Quelle est la nature des troubles
qui agitent La Réunion ?
Daniel Cadet : Le mouvement a commencé avec des transporteurs qui ont monté des barrages pour réclamer une baisse du prix de l’essence. Des mouvements de lutte contre la misère se sont greffés pour demander une baisse des prix de produits de première nécessité. Des appels à la population se sont faits insistants et la mayonnaise a pris. Mais ces leaders ont très vite rendu les armes pour se ranger derrière les propositions du préfet. Se sentant trompés, les gens se sont retrouvés dans la rue, avec gros sur le cœur, notamment dans les quartiers difficiles qui vivent la misère au quotidien. Des exactions ont eu lieu dans une dizaine de villes, violemment réprimées. Des pelotons de gendarmes se sont déployés. Saint-Denis a été quadrillée. Il y a eu des échanges de cocktails Molotov et de bombes lacrymogènes, avec des survols d’hélicoptères, on se serait crus à Beyrouth ! Les troubles se sont un peu calmés pendant le week-end, mais lundi, alors qu’on était à la veille d’une négociation sur une baisse des prix de quarante produits de première nécessité, des voitures et du mobilier urbain ont été incendiés, des commerces détruits… Ainsi qu’un bâtiment public, le centre d’animation socio-éducatif du quartier sensible du Chaudron. Récemment repris en main par des associations et des gens identifiés comme trop proches de la mairie, cette maison des jeunes était devenue le symbole d’une administration sourde.
Ces exactions ont impliqué majoritairement des jeunes. Un prétexte ou une démarche politique ?
Ces mouvements ne sont pas organisés mais la démarche est politique : elle est l’expression d’un ras-le-bol. Ces jeunes crient leur difficulté à voir leurs parents ramer, ne plus savoir quoi mettre dans les assiettes. Ils ne se voient pas prendre la suite, plus précaires encore.
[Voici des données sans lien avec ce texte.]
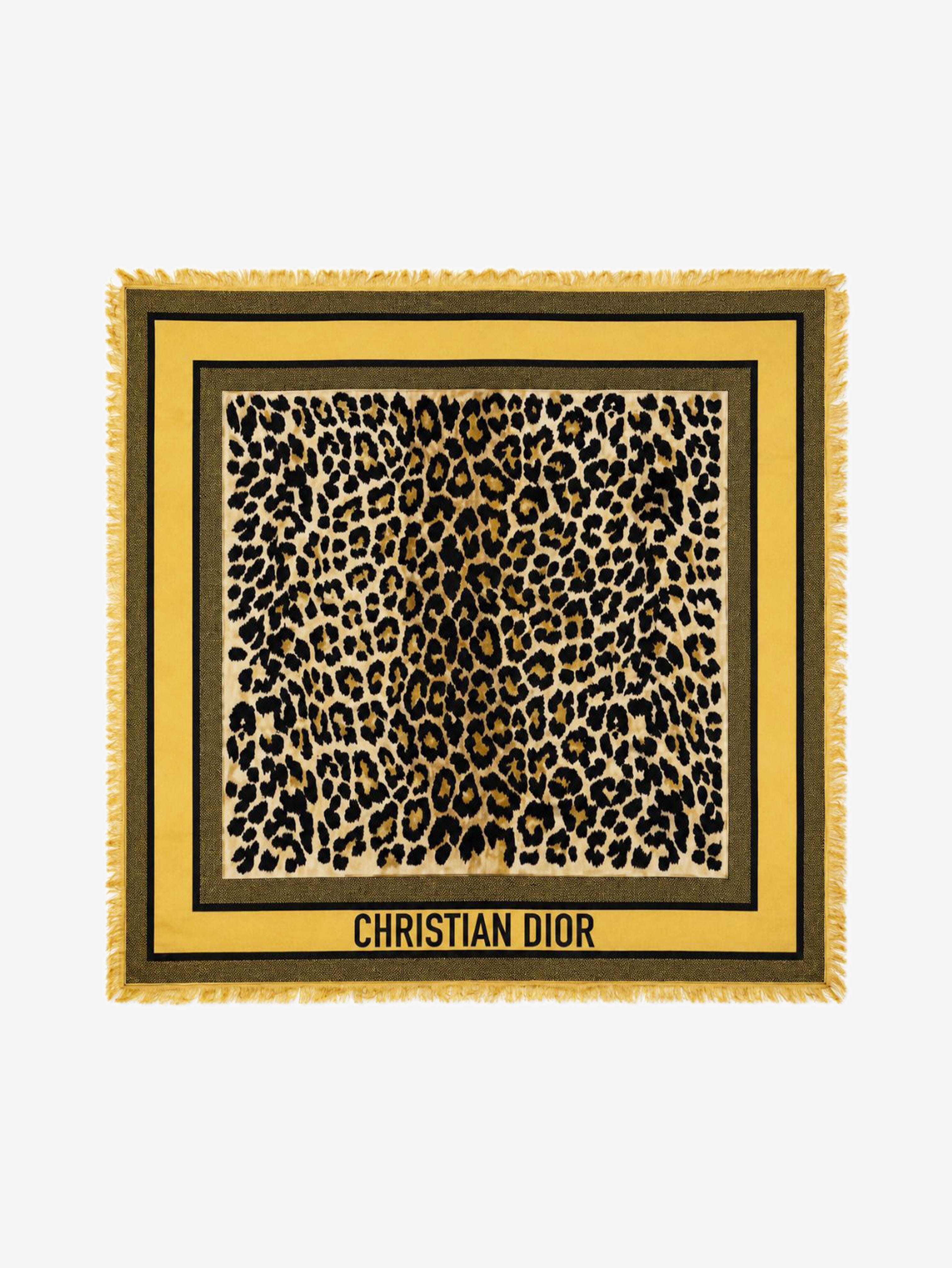 Gold leopard print scarf Scarves Christian Dior 
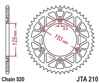 Black Aluminum Rear Sprocket - 44 Tooth 520 - For Honda CR/F XR & Beta RR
Ils viennent le dire sur la place publique, cela prend la forme d’un affrontement avec la force publique. Il faut voir à quel point leur situation sociale est difficile : plus de 60 % sont au chômage !
Six jeunes condamnés à des peines lourdes, 233 personnes arrêtées. Que penser de la réaction des pouvoirs publics ?
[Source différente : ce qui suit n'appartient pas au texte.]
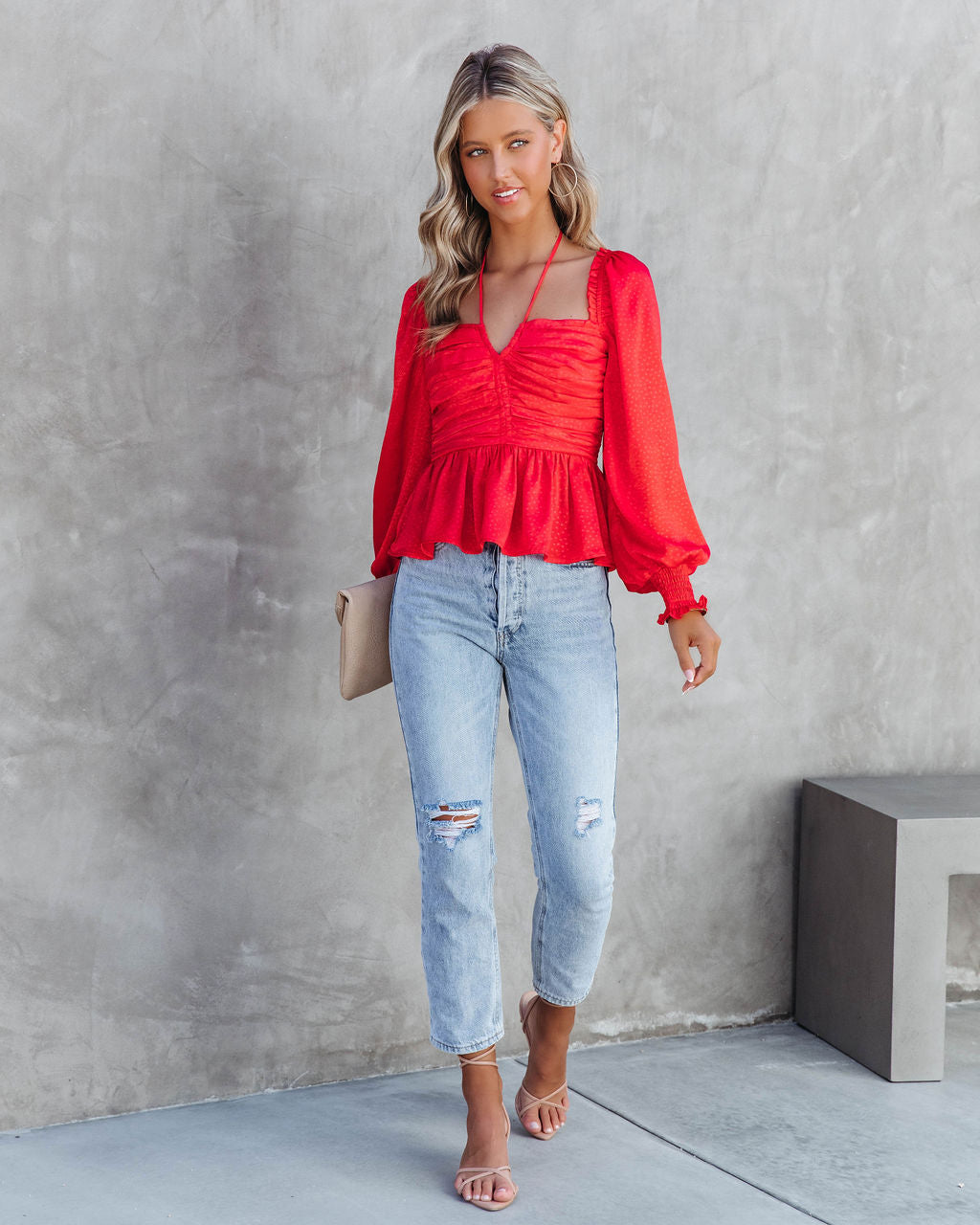 Let Me Be The One Satin Ruched Top - Red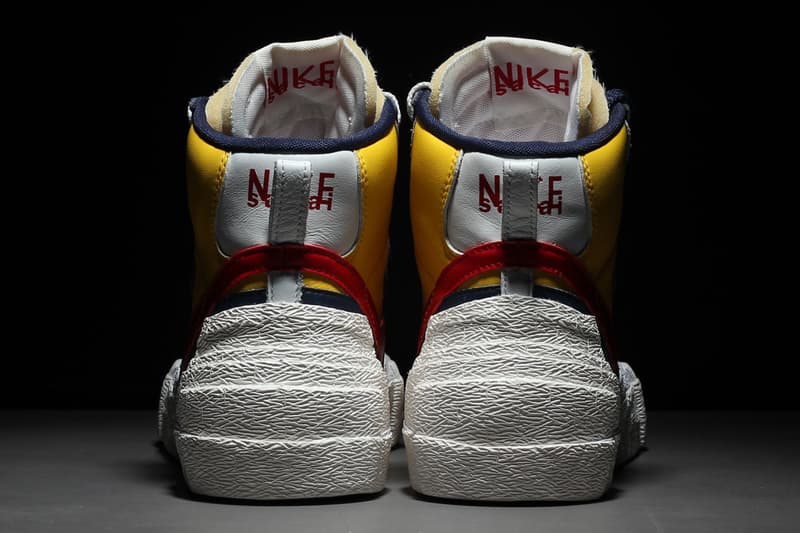 sacai nike blazer with the dunk collaboration blue yellow colorway on foot closer look release drop date info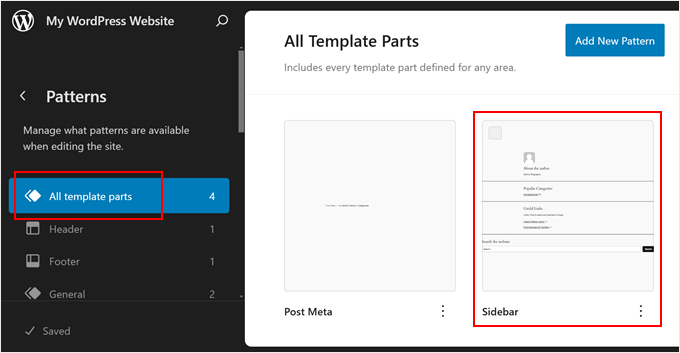 Opening the Sidebar template part in FSE Opening the Sidebar template part in FSE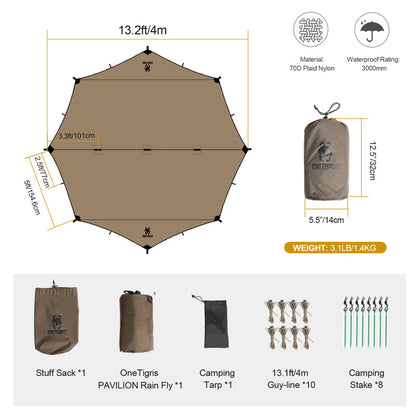 Auvent de loisirs pour barbecue de camping imperméable à l'eau avec protection solaire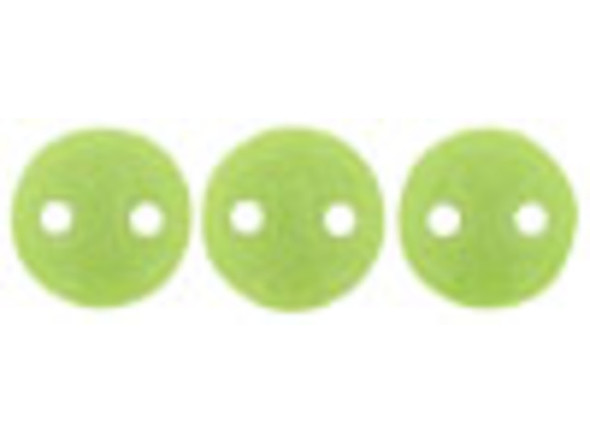 CzechMates Glass 2-Hole Round Flat Lentil Beads 6mm - Honeydew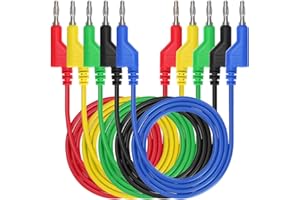 IGNPION 5pcs 4mm Câble de test en silicone souple banane à fiche banane pour multimètre longueur 1M,1000V/15A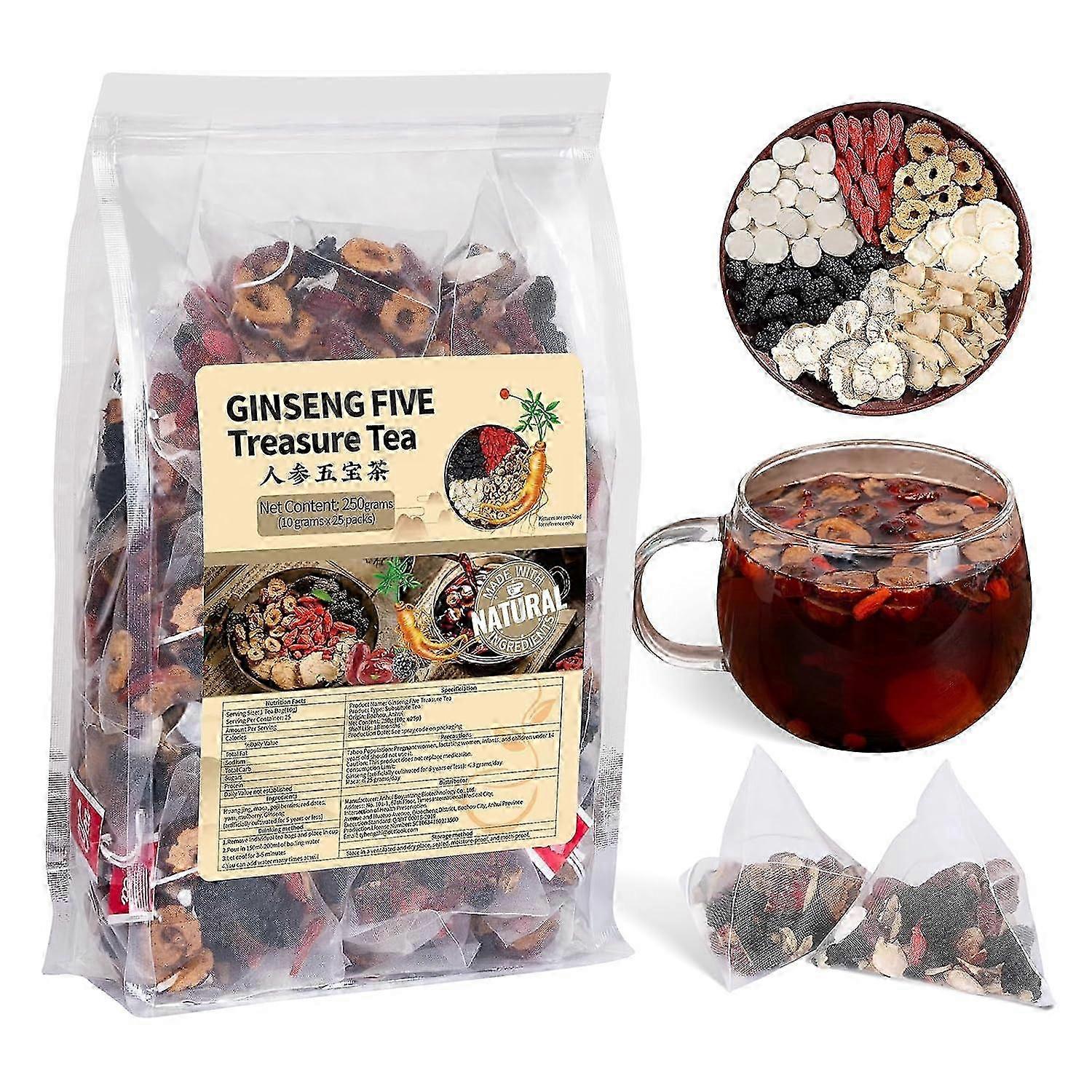 Ginseng Five Treasures Tea Kidney Tonifying Tea Chinese Herbal Tea Making Natural Organic Male and Female Kidneyand Detoxifying Tea Precious Medicinal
La réaction n’est pour l’heure que policière et judiciaire. La dureté des peines est révoltante : certains écopent de deux ans de prison dont dix-huit mois fermes. Cela ne fait qu’ajouter de l’huile sur le feu ! La solution, c’est d’aller à la rencontre de ces jeunes, de leur donner la parole, de leur donner des perspectives et d’entamer avec eux des discussions par l’intermédiaire des forces vives, des mouvements caritatifs, des clubs sportifs, des mouvements d’éducation populaire (Cemea, Ligue de l’enseignement, Francas…), autour d’un dispositif qui s’inscrive dans un projet de responsabilité et de citoyenneté.
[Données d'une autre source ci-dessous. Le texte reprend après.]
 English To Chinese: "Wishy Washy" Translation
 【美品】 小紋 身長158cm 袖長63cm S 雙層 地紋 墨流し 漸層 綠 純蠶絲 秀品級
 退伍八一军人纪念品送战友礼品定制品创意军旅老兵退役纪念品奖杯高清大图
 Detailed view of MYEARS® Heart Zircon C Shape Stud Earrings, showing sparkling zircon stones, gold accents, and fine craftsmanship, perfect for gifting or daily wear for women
Les associations sont-elles encore entendues par les jeunes ?
Hormis quelques-uns qu’on voit lancer des pavés à la télévision, ces jeunes ne demandent qu’à être entendus. Mais on ne leur donne pas la parole ! Le maire de Saint-Denis, trop absent, a bien tenté un geste de dialogue, mais ils ne veulent pas de politiques. Le salut réside dans les associations non étiquetées qui font, avec trop peu de moyens, un travail de médiation et de valorisation depuis des années auprès de ces jeunes. Ça vaut le coup d’essayer de passer par elles.
Les Antilles en 2009, Mayotte en 2011. La révolte se propage ?
Il faut condamner la violence qui d’ailleurs parasite une autre actualité, plus réconfortante : depuis trois semaines, des mouvements comparables à celui des Indignés émergent. Les gens se réunissent sur les plages, devant les mairies, et essaient d’inventer une autre citoyenneté. Certains l’appellent le mouvement de la « Goutte d’eau ». Ces gouttes qui commencent à perler sont porteuses d’espoir. Il faut trouver comment construire autour de ça sans perdre de vue les solutions aux niveaux économique et social.